# Rescued these from the scrap bin!



## Travis7s (Oct 3, 2014)

Probably not what you were expecting, but pretty neat in my opinion.

My workplace is moving to a new location and I found these in the recycling bin. Publish date is 1959. I'm actually reading them before bed, pretty informative especially for a noob like myself.


----------



## JimDawson (Oct 3, 2014)

Awesome find.  You will enjoy reading those.


----------



## righto88 (Oct 3, 2014)

I have had my set of those for over 30 years. Very good books. And you can't beat the price you paid!


----------



## 12bolts (Oct 3, 2014)

I love the older books and manuals. They dont get bogged down so much in superfluous and/or irrelevant information.
Straightforward practices and relevant "manual machinery" operation.

cheers Phil


----------



## Ulma Doctor (Oct 3, 2014)

nice find, it's a pitty that people would just throw good old books out like that, i'm glad you were able to save them!!!!


----------



## uncle harry (Oct 4, 2014)

Ulma Doctor said:


> nice find, it's a pitty that people would just throw good old books out like that, i'm glad you were able to save them!!!!



A couple of weeks ago I attended my 55th HS reunion.
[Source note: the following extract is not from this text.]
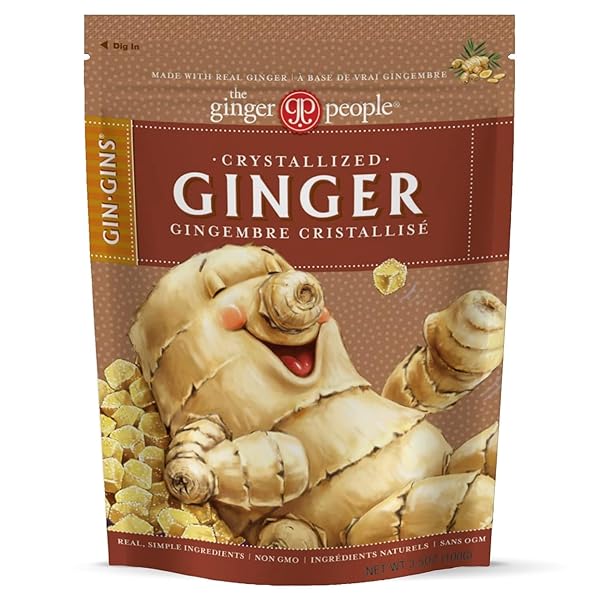 GIN GINS CRYSTALIZED GINGER – NATURAL GINGER CANDY...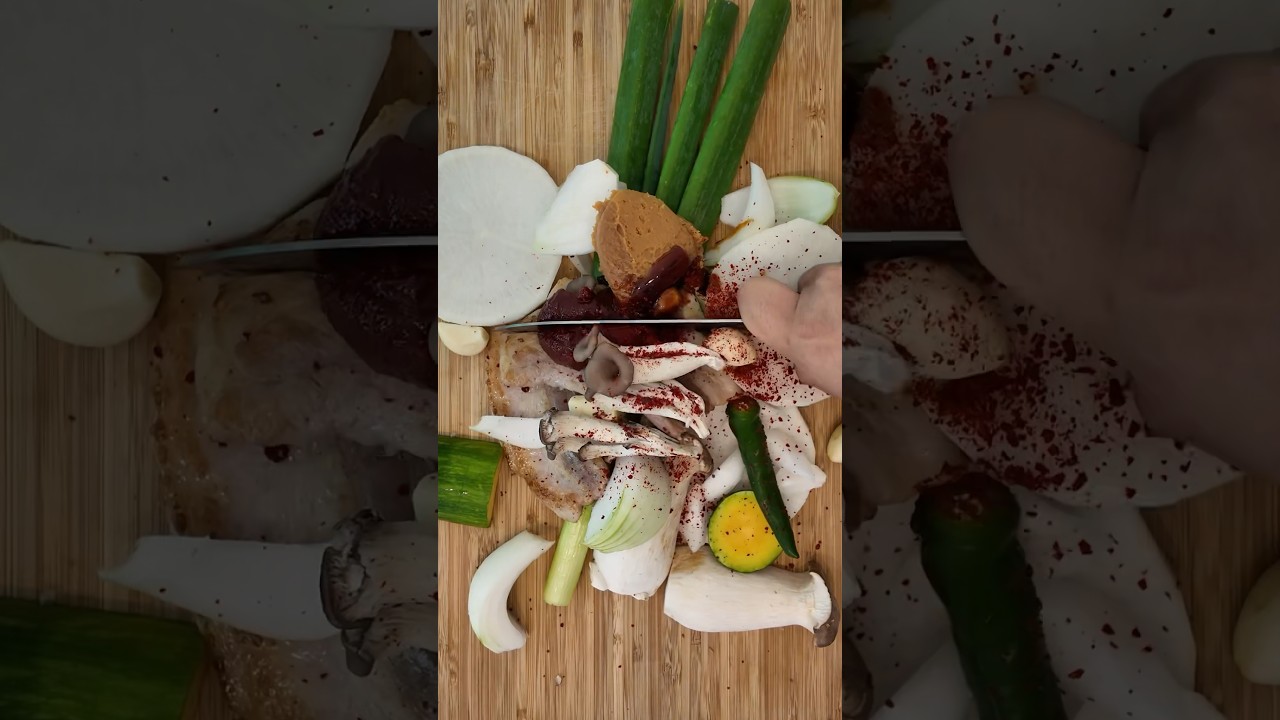 채소를 잘게 썰면? 🥘Just chop it! #강된장 #gangdoenjang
Included was a tour of the new additions to the school. When showing the re-located library to us we noticed one sparse wall of books in a very large room. The Principle explained that when they hired an outside agency  to "update" the operation they were throwing out all of the books, but were advised to at least keep the ones that we saw by the Principal.  This one bends my attitude! Books have endured through  thousands of years.  They have been technically better lasting than most of today's technology and are even radiation-hardened!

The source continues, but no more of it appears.